Nothing in the listing should be altered when it is copied, and no picture goes into the copy.

Information provided -
------------------------------

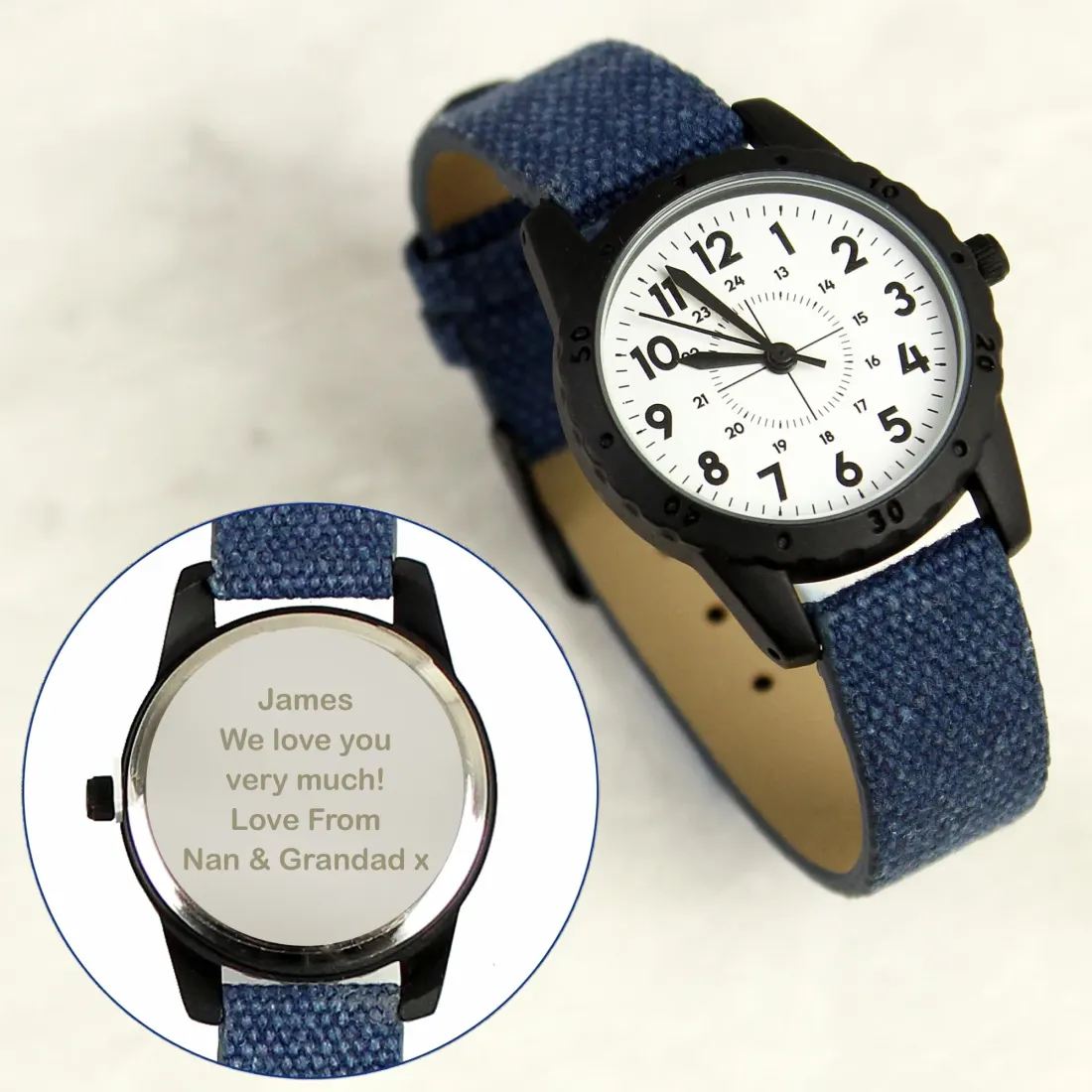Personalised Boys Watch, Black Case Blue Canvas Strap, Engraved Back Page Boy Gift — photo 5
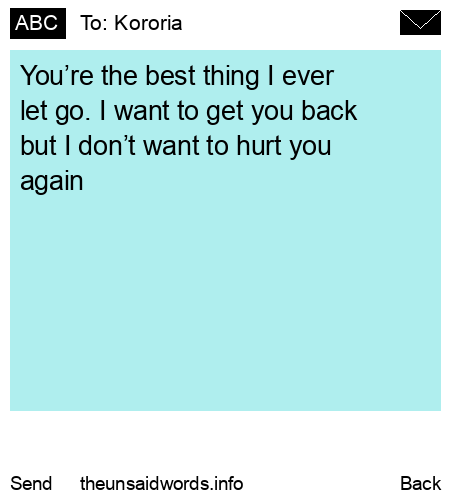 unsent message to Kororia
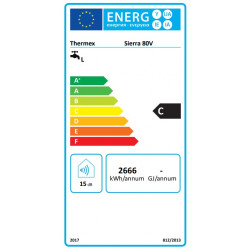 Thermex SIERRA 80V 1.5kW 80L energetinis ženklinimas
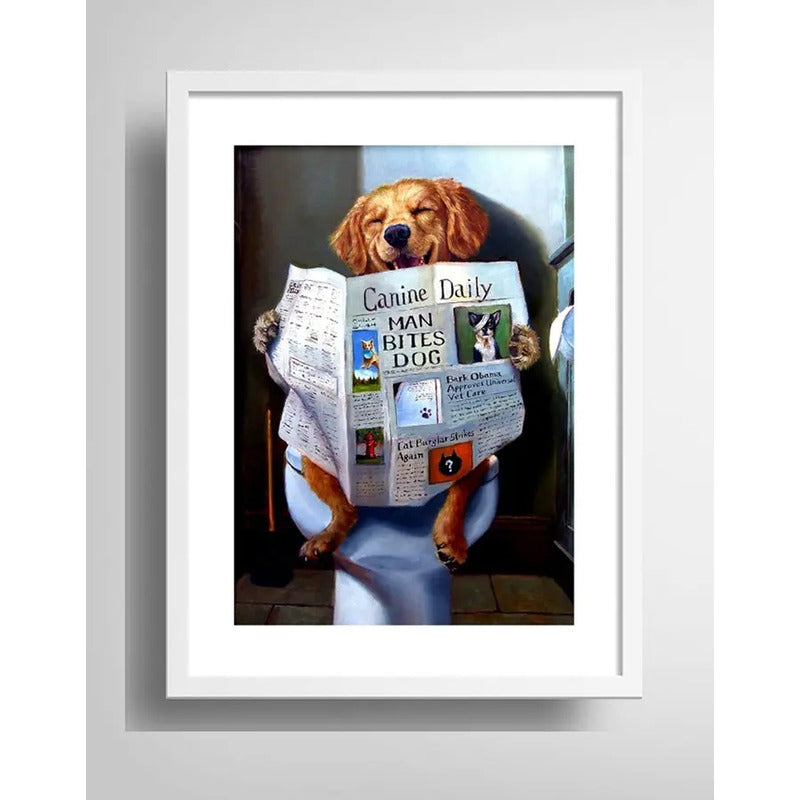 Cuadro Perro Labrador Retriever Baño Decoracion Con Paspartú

------------------------------

Solved problem -
Personalised Boys Watch, Black Case Blue Canvas Strap, Engraved Back Page Boy Gift — photo 5
 unsent message to Kororia
 Thermex SIERRA 80V 1.5kW 80L energetinis ženklinimas
 Cuadro Perro Labrador Retriever Baño Decoracion Con Paspartú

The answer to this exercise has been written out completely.